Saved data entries
****************************************
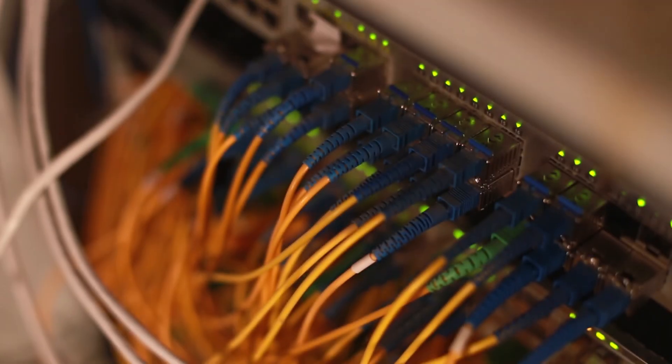Thanks to a rich set of internet protocols, industry standard interfaces, and abundant functionalities including USB and PCIe drivers for Windows, Linux, and Android, the module is ideal for a range of industrial and commercial applications.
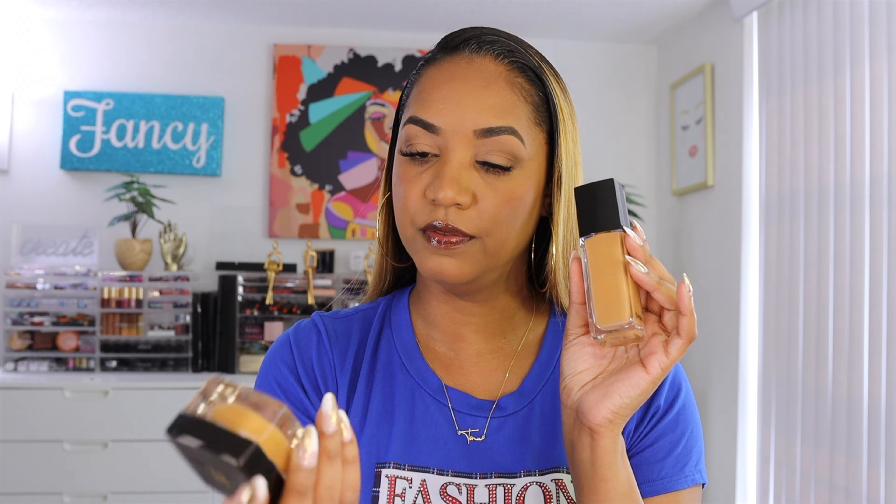The other foundation is from Chanel — of course. Chanel released their Sublimage L'Essence de Teint — the Ultimate Radiance-Generating Serum Foundation. This is the liquid version of the Sublimage Le Teint cream pot form. Bougie girl era — I wanted to see what it was about because I do like that foundation. The finish is a little more glowy than I'm used to, but there's something about a luxury foundation that gets me. Same shade as the cream: BD91.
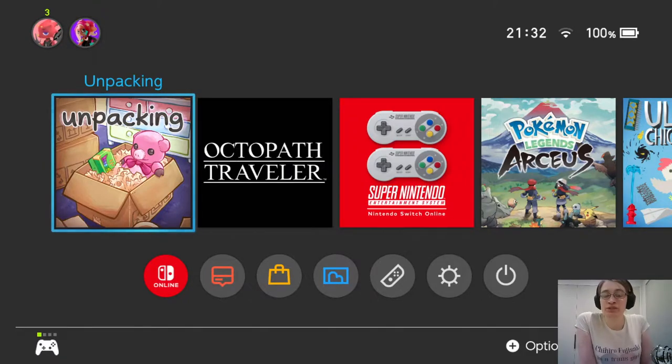Hey there everyone, this is Danielle with some first thoughts on Unpacking. This game came out last year, it's an indie title, I think it was published through Humble. I don't know a whole lot about it, but I do know it was very well received — I've seen it on a couple of game of the year nomination lists. I think it's sort of a puzzle game where you figure out where to put stuff as you unpack a person's possessions, and maybe as you do that you learn about the person. I haven't played it and haven't read much about it, so this is more or less a brand new experience. Let's dive in.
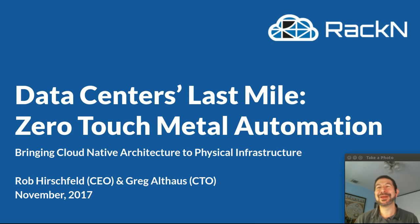Hello, this is Rob Hirschfeld from Racken with a presentation about Data Center's Last Mile Zero Touch Metal Automation. This is a popular presentation we've given several times with my co-founder Greg Althaus, and because of the interest, we wanted to create a video of it. In this case I'm doing it solo, so you'll have to tune in to some of Greg's other videos to get the flavor he adds into these presentations and demonstrations.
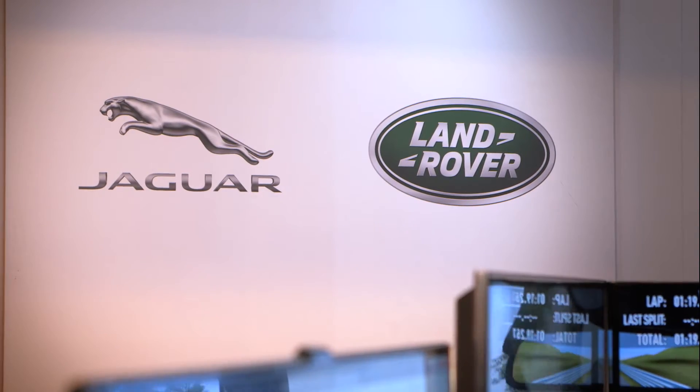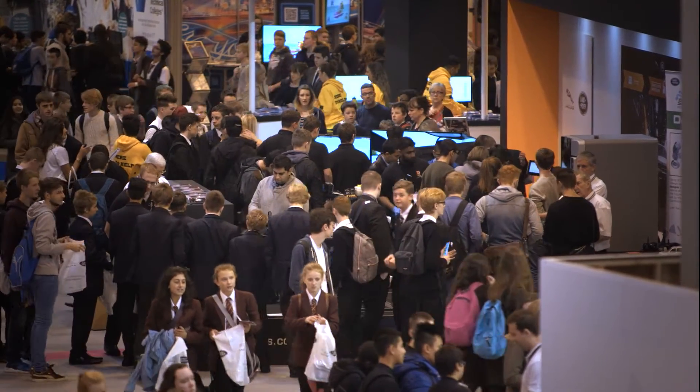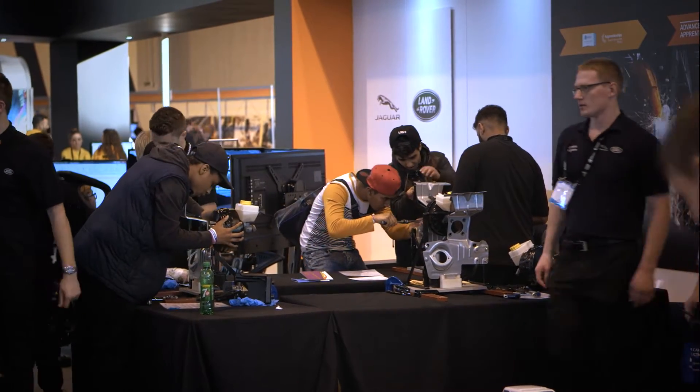We have two kinds of apprenticeships within Jaguar Land Rover. The first is the Advanced Apprenticeship, which is a four-year programme. Candidates come in at GCSE level — so from age 16 onwards — and they go on to gain a qualification such as a BTEC Level 3 Extended Diploma in Engineering.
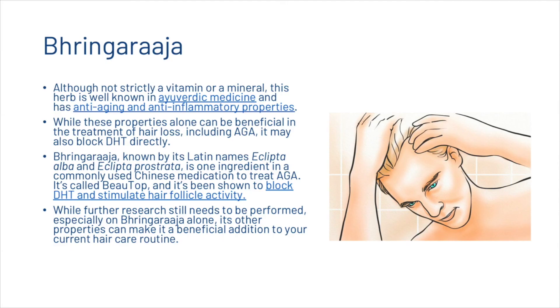Finally, we're going to have a look at Bhringraj. Although not strictly a vitamin or mineral, this herb is well known in Ayurvedic medicine and has anti-aging and anti-inflammatory properties. These properties alone can be beneficial in the treatment of hair loss including androgenetic alopecia, and it may also block DHT directly. Bhringraj, known by its Latin names Eclipta alba and Eclipta prostrata, is one ingredient in a commonly used Chinese medication called Butop, which has been shown to block DHT and stimulate hair follicle activity. Further research still needs to be performed, but its properties make it a beneficial addition to your hair care routine.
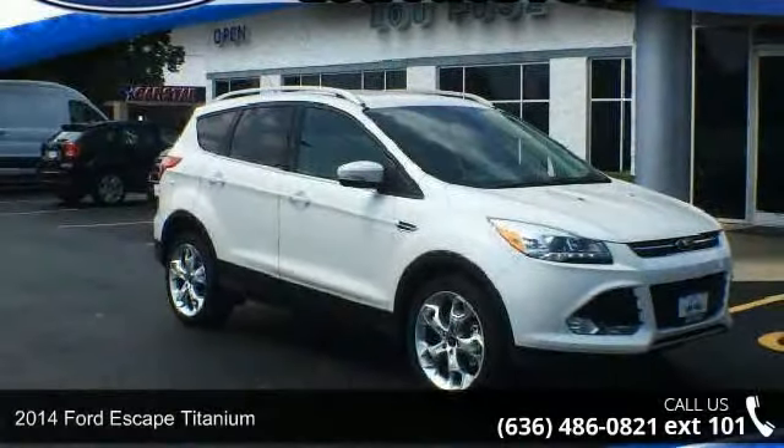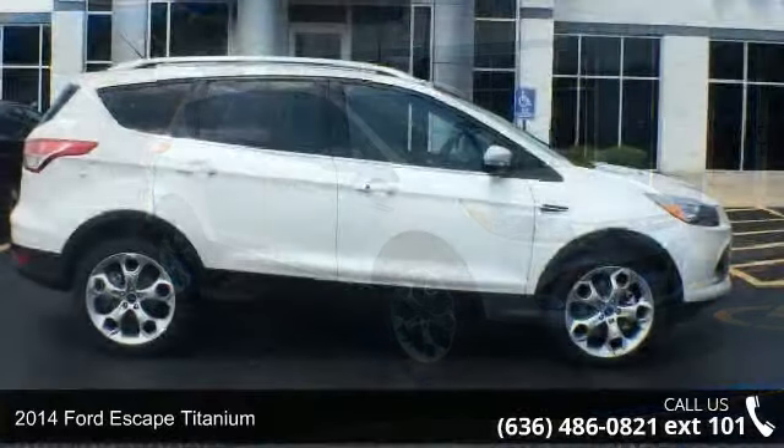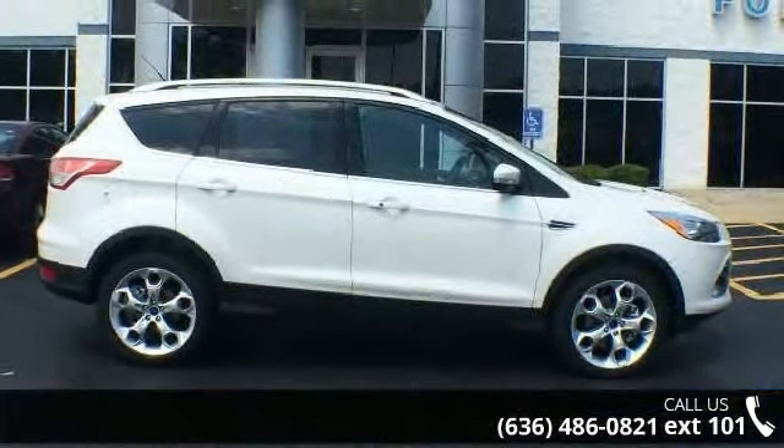Step into the 2014 Ford Escape Titanium. If you are looking for a first-rate auto, this one could be yours today.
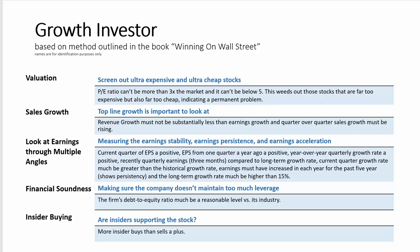Zweig finished his earnings gauntlet by looking at earnings acceleration. Here, he wanted strong historical earnings growth in the most recent quarter versus previous quarters, and compared to the long-term historical growth rate. These two measures helped give Zweig confidence that earnings were in fact accelerating.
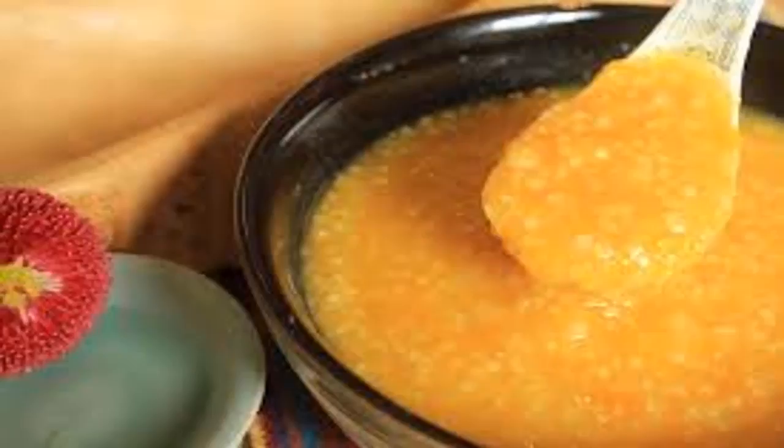Kids can start eating pumpkins at 6 months. Here are the health benefits of pumpkins for young children.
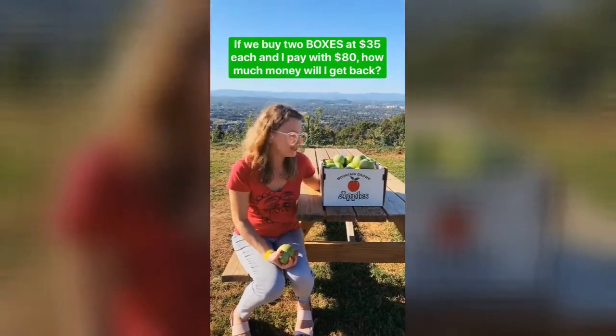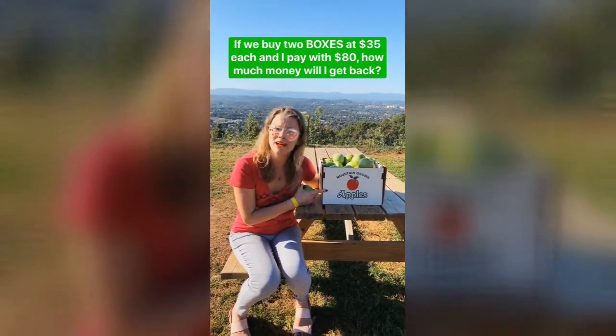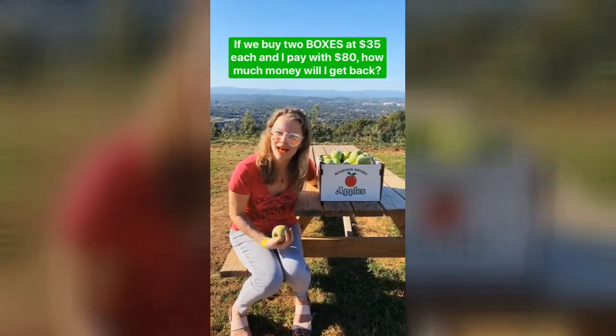Hi, we're at Carter's Mountain Orchard. We just picked half a bushel of apples for $35. If we pick two bushels and I pay with $80, how much money do I get back?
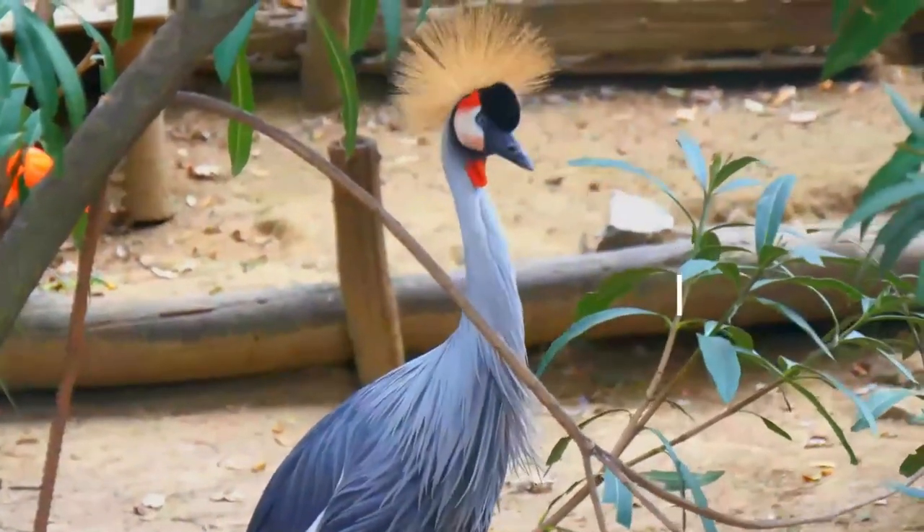Thank you very much for your interest in wildlife, it's awesome to know that you like them. Take care.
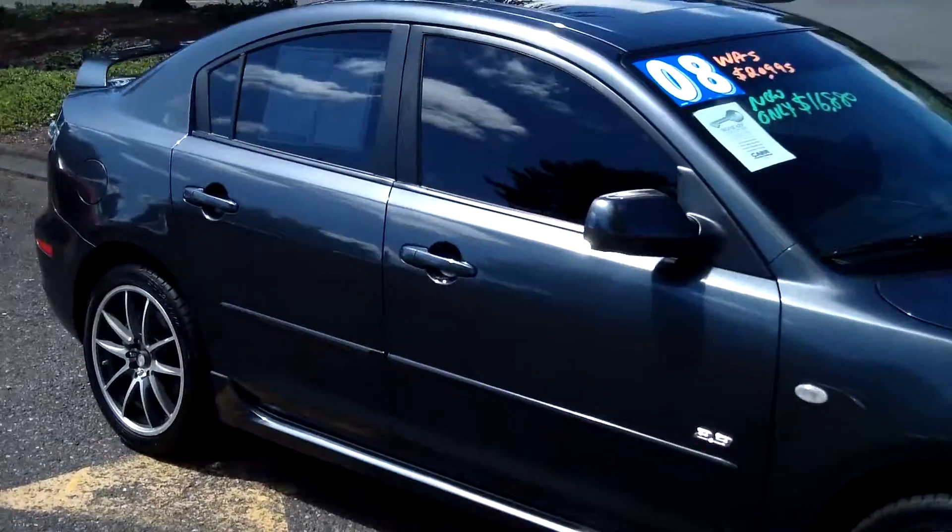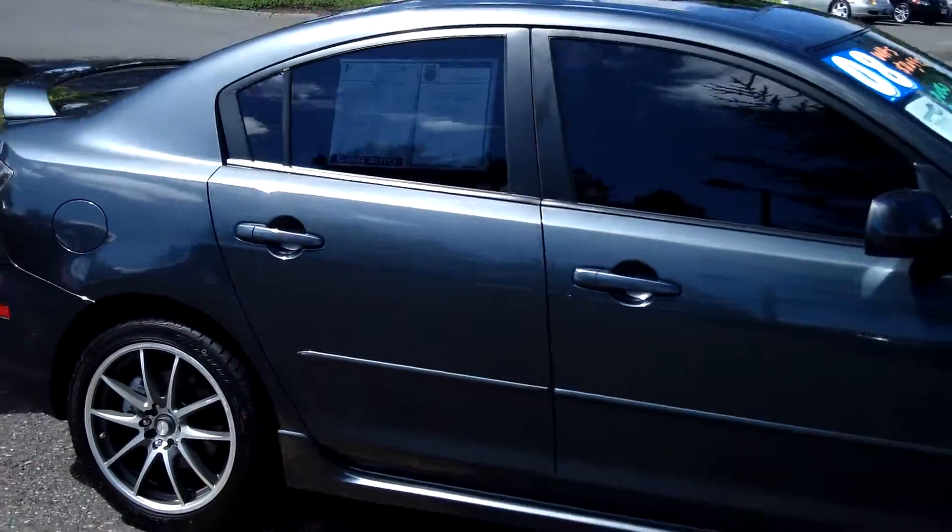This vehicle is in excellent condition with tinted windows, rear spoiler, as well as satellite radio. Four cylinder, 2.3 liter engine, as well as immaculate leather interior.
****************************************
▶ About this exercise
Pictures are to be left out, while the records are copied word for word.

▶ Your solution
Thanks to a rich set of internet protocols, industry standard interfaces, and abundant functionalities including USB and PCIe drivers for Windows, Linux, and Android, the module is ideal for a range of industrial and commercial applications.
The other foundation is from Chanel — of course. Chanel released their Sublimage L'Essence de Teint — the Ultimate Radiance-Generating Serum Foundation. This is the liquid version of the Sublimage Le Teint cream pot form. Bougie girl era — I wanted to see what it was about because I do like that foundation. The finish is a little more glowy than I'm used to, but there's something about a luxury foundation that gets me. Same shade as the cream: BD91.
Hey there everyone, this is Danielle with some first thoughts on Unpacking. This game came out last year, it's an indie title, I think it was published through Humble. I don't know a whole lot about it, but I do know it was very well received — I've seen it on a couple of game of the year nomination lists. I think it's sort of a puzzle game where you figure out where to put stuff as you unpack a person's possessions, and maybe as you do that you learn about the person. I haven't played it and haven't read much about it, so this is more or less a brand new experience. Let's dive in.
Hello, this is Rob Hirschfeld from Racken with a presentation about Data Center's Last Mile Zero Touch Metal Automation. This is a popular presentation we've given several times with my co-founder Greg Althaus, and because of the interest, we wanted to create a video of it. In this case I'm doing it solo, so you'll have to tune in to some of Greg's other videos to get the flavor he adds into these presentations and demonstrations.
We have two kinds of apprenticeships within Jaguar Land Rover. The first is the Advanced Apprenticeship, which is a four-year programme. Candidates come in at GCSE level — so from age 16 onwards — and they go on to gain a qualification such as a BTEC Level 3 Extended Diploma in Engineering.
Finally, we're going to have a look at Bhringraj. Although not strictly a vitamin or mineral, this herb is well known in Ayurvedic medicine and has anti-aging and anti-inflammatory properties. These properties alone can be beneficial in the treatment of hair loss including androgenetic alopecia, and it may also block DHT directly. Bhringraj, known by its Latin names Eclipta alba and Eclipta prostrata, is one ingredient in a commonly used Chinese medication called Butop, which has been shown to block DHT and stimulate hair follicle activity. Further research still needs to be performed, but its properties make it a beneficial addition to your hair care routine.
Step into the 2014 Ford Escape Titanium. If you are looking for a first-rate auto, this one could be yours today.
Zweig finished his earnings gauntlet by looking at earnings acceleration. Here, he wanted strong historical earnings growth in the most recent quarter versus previous quarters, and compared to the long-term historical growth rate. These two measures helped give Zweig confidence that earnings were in fact accelerating.
Kids can start eating pumpkins at 6 months. Here are the health benefits of pumpkins for young children.
Hi, we're at Carter's Mountain Orchard. We just picked half a bushel of apples for $35. If we pick two bushels and I pay with $80, how much money do I get back?
Thank you very much for your interest in wildlife, it's awesome to know that you like them. Take care.
This vehicle is in excellent condition with tinted windows, rear spoiler, as well as satellite radio. Four cylinder, 2.3 liter engine, as well as immaculate leather interior.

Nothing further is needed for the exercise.